Fortunately, there’s no reason to let the task become overwhelming—just make sure that your practice proactively tackles rejections by understanding how to run aging reports in your practice management system. This will allow you to run and work aging reports on a regular basis. A good rule to follow is that these reports should be run at least every 30, 60 or 90 days. By doing this, you can quickly see which claims remain outstanding, so you can take action to make sure they get paid.

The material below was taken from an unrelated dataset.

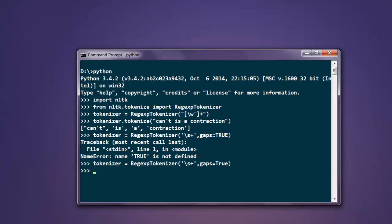Now simply type in tokenizer.tokenize, and for this method use 'can't is a contraction'. Here you'll find it's splitting exactly on the whitespace the way we want it. Even with this expression, it's treating 'can't' as a word.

These days, when every dollar counts, I recommend that every practice follow these six strategies to take control of rejected claims:

1. Be consistent about running aging reports regularly. This could be every 30 or 60 days, depending on patient volume and the timely filing limits set by your major payers. A larger, multi-site practice might benefit from daily reports. As a general rule, though, no practice should go longer than 90 days between reports. In general, you have an issue with any claim not paid after three months!
2. Know your high-volume payers and their timely filing limits. For example, if your highest volume payer has a 60-day limit, be sure to run reports every 30 days. For payers with a one-year timely filing limit, it might be enough to run aging reports every 90 days. Choose the timeframe that best fits your practice and your payers.
3. Don’t forget about other payers. Work down from your highest-volume payers to medium- and lower-volume payers, always scheduling reports against timely filing limits.
4. Be on the lookout for trends. Sort through your claims data using date range and payer filters to monitor significant changes in claim volume processed. That lets you spot problems quickly, and address them before they get out of control.
5. Confirm claims receipts daily. Many clearinghouses have a channel on their portal that can confirm the correct claims files have been accepted by the clearinghouse.
6. Monitor the claims that have not been submitted. If you are using a clearinghouse, make sure you have a way to know when claims actually leave the clearinghouse and are accepted by the payer.

Don’t just write off claims. Remember, your payers can’t reimburse for claims lost in the rejection process.